KLAS-TV (channel 8) is a television station in Las Vegas, Nevada, United States, affiliated with CBS and owned by Nexstar Media Group. The station's studios are located on Channel 8 Drive near the northern portion of the Las Vegas Strip in the unincorporated community of Winchester (though with a Las Vegas mailing address), and its transmitter is located on Mount Arden in Henderson.

KLAS-TV initially broadcast a test pattern for two weeks, beginning on July 8, 1953. The station went on-air on the evening of July 22, 1953, becoming Nevada's first television station. The station was originally owned by Las Vegas Television Inc., run by Hank Greenspun, owner of the Las Vegas Sun. KLAS has always been a CBS affiliate, but maintained a secondary affiliation with ABC, which it would share with KLRJ/KORK-TV (channel 3, now KSNV-DT) from that station's sign on in January 1955, until KSHO-TV (channel 13, now KTNV-TV) affiliated with the network in December 1957.[citation needed]

Billionaire and aviation magnate Howard Hughes enjoyed staying up late and watching television, and he wanted KLAS to broadcast a full 24-hour/7-day-a-week schedule. Hughes also requested the station to show more Westerns and films about aviation. He eventually decided to purchase the station so he could have it operate as he wanted (though under his ownership, continuing to run CBS programming as scheduled and expected if preempted, most of the time).

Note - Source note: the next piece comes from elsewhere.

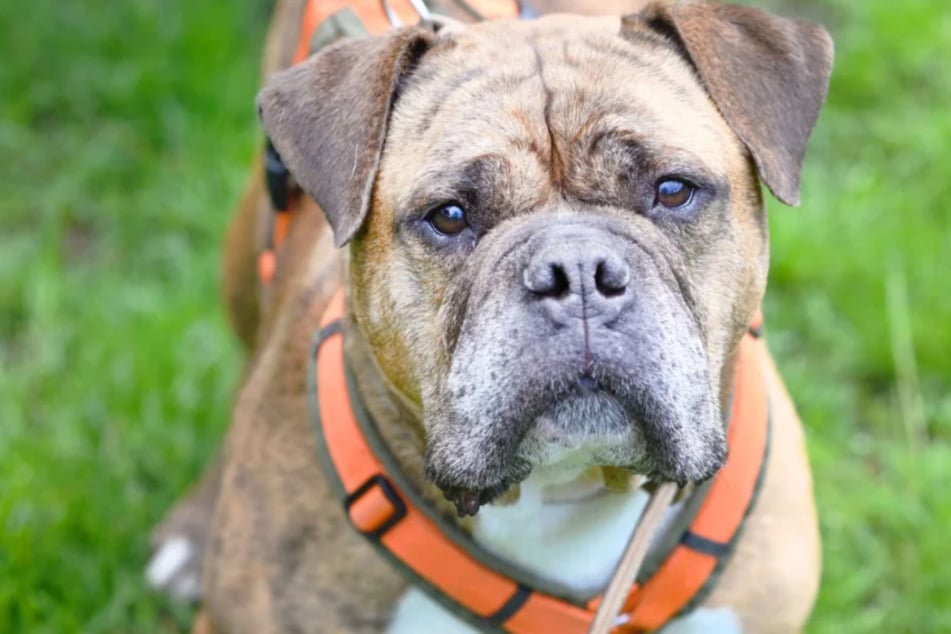 Englische-Bulldoggen-Mix Viet (10) würde seinen Lebensabend gerne in einem liebevollen neuen Zuhause verbringen.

Greenspun sold the station to Hughes Tool Company on March 30, 1968. After Hughes' death in 1976, the station was held in an outside trust for another two years until 1978, when it was sold to Landmark Communications (Landmark Communications renamed itself to Landmark Media Enterprises in September 2008).

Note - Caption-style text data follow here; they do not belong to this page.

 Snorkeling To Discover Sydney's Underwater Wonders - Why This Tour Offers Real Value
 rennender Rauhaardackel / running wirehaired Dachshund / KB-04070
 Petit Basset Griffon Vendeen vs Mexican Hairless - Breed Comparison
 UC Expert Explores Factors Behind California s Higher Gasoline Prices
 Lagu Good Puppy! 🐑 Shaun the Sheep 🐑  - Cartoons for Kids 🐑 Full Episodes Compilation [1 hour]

On April 16, 1996, KLAS-TV became the first commercial television station in Nevada (and one of the first in the United States) to carry a digital broadcast signal. This signal was first launched during the National Association of Broadcasters annual convention that year. On April 6, 2000, the first scheduled high definition network broadcasts in Las Vegas began on KLAS-TV's digital signal.

On January 30, 2008, Landmark announced its intention to sell KLAS, along with its other television station WTVF in Nashville. No suitable buyer for KLAS was found until Landmark took most of its properties off the market in October 2008 due to the 2008 financial crisis. KLAS and WTVF remained under Landmark ownership for more than four years.

On September 4, 2012, Journal Broadcast Group (owners of one of KLAS-TV's local rivals, ABC affiliate KTNV-TV) announced that it would purchase WTVF for $215 million. The sale was finalized on December 6. This left KLAS-TV as the only television station in Landmark's portfolio.

On November 21, 2014, Nexstar Broadcasting Group announced that it would purchase KLAS for $145 million. The sale was completed on February 13, 2015.

On January 29, 2016, shortly prior to Super Bowl 50, KLAS was dropped from Cox Communications due to a retransmission consent dispute with Nexstar across nine markets. As a contingency plan, Cox announced on February 3, 2016, that it would offer a free preview of ESPN Deportes (which was broadcasting the game in Spanish) over the Super Bowl weekend, and encouraged viewers to listen to the English radio broadcast along with it. The next day, KLAS was restored after Cox reached a new deal with Nexstar.